135  Subparagraph 1070F(3)(c)(iv)
Omit “clause 4A”, substitute “clause 38J”.
136  Subparagraph 1070F(3)(d)(iv)
Omit “clause 4A or 4B”, substitute “clause 38J or 38K”.
137  Subparagraph 1070G(1)(c)(iv)
Omit “clause 4A”, substitute “clause 38J”.
138  Subparagraph 1070G(1)(d)(iv)
Omit “clause 4A or 4B”, substitute “clause 38J or 38K”.
139  Subparagraph 1070H(2)(c)(iv)
Omit “clause 4A”, substitute “clause 38J”.
140  Subparagraph 1070H(2)(d)(iv)
Omit “clause 4A or 4B”, substitute “clause 38J or 38K”.
141  Subparagraph 1070J(b)(iv)
Omit “clause 4A”, substitute “clause 38J”.
142  Subparagraph 1070J(c)(iv)
Omit “clause 4A or 4B”, substitute “clause 38J or 38K”.
Veterans’ Entitlements Act 1986
143  Subparagraph (b)(ii) of point SCH6‑C3A of Schedule 6
Omit “clause 4B”, substitute “clause 38K”.

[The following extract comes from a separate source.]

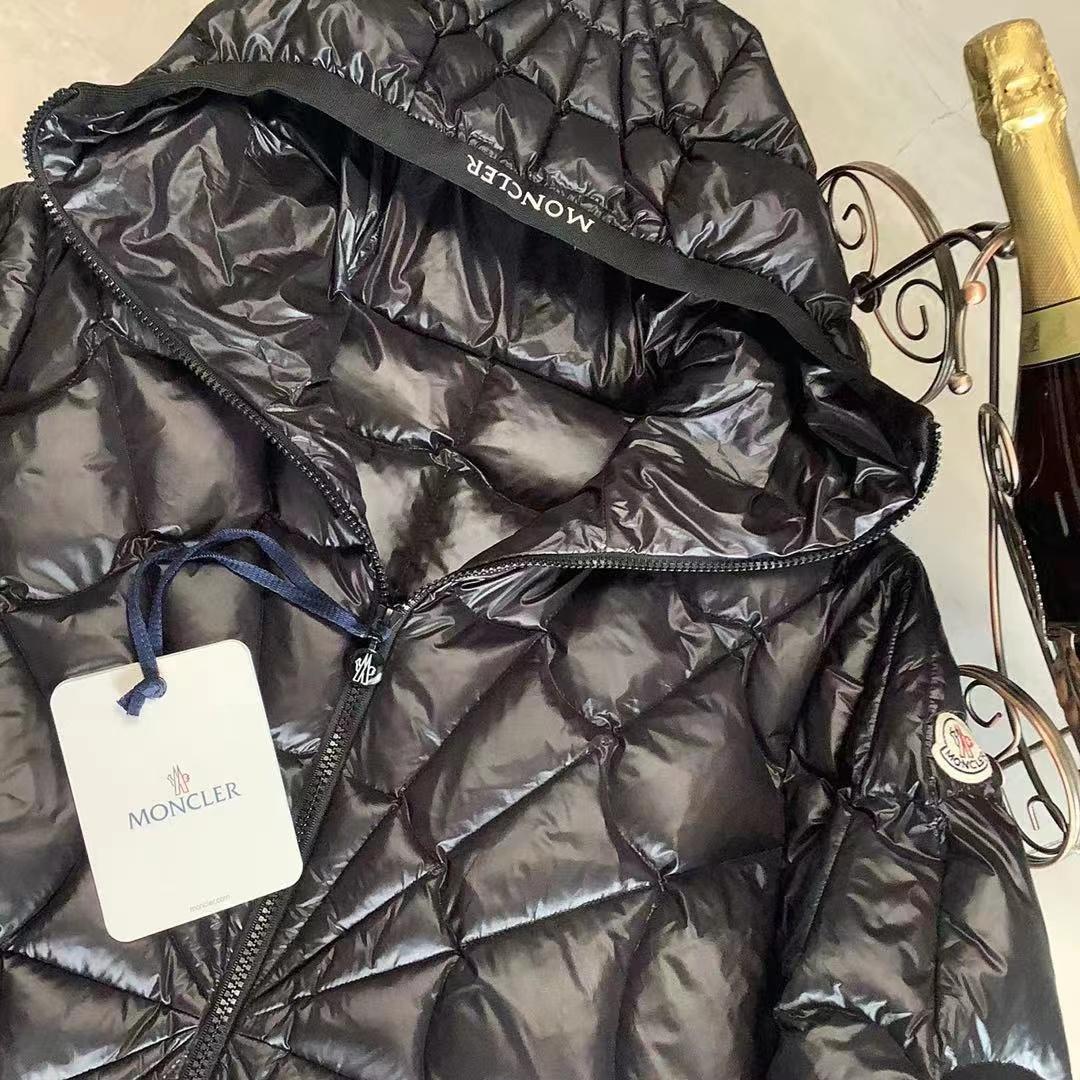 Moncler Violier Spider-Man Short Down Jacket - DopestKickz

144  Subparagraph (b)(ii) of point SCH6‑C3B of Schedule 6
Omit “clause 4A or 4B”, substitute “clause 38J or 38K”.
Division 2—Application and saving provisions
145  Application
(1)        The amendments to the A New Tax System (Family Assistance) Act 1999 and the A New Tax System (Family Assistance) (Administration) Act 1999 made by this Schedule apply in relation to the 2008‑09 income year and later income years.
(2)        The amounts referred to in clauses 38C, 38D and 38E of Schedule 1 to the A New Tax System (Family Assistance) Act 1999 (as inserted by item 84 of this Schedule) are to be indexed in accordance with Schedule 4 to that Act after 19 September 2006 as if item 84 had commenced on that day.
Note:       Those amounts will first be indexed on 20 September 2006.
(3)        The amount referred to in clause 38N of Schedule 1 to the A New Tax System (Family Assistance) Act 1999 (as inserted by item 84 of this Schedule) is to be indexed in accordance with Schedule 4 to that Act after 30 June 2007 as if item 84 had commenced on that day.
Note:       That amount will first be indexed on 1 July 2007.
146  Saving determinations
If a determination that a child is an FTB child is in force under subsection 42(2), 44(3) or 45(3) of the A New Tax System (Family Assistance) Act 1999 immediately before this item commences, the determination continues in force as if it were a determination that the child is a regular care child made under that subsection, as amended by this Schedule.
147  Saving qualification and rates for double orphan pension
(1)        This item applies if:
                     (a)  immediately before 1 July 2008, a person is receiving a double orphan pension for a young person under the Social Security Act 1991; and
                     (b)  on 1 July 2008:
                              (i)  the person would (apart from this item) cease to qualify for a double orphan pension for the young person because of the amendments to the A New Tax System (Family Assistance) Act 1999 made by this Schedule; or
                             (ii)  the rate of the double orphan pension payable to the person for the young person would (apart from this item) be affected by the amendments to the Social Security Act 1991 made by items 122, 123 and 124 of this Schedule.
Continuation of qualification
(2)        If subparagraph (1)(b)(i) applies, then, on and after 1 July 2008, the person continues to qualify for a double orphan pension for the young person, despite the amendments to the A New Tax System (Family Assistance) Act 1999 made by this Schedule.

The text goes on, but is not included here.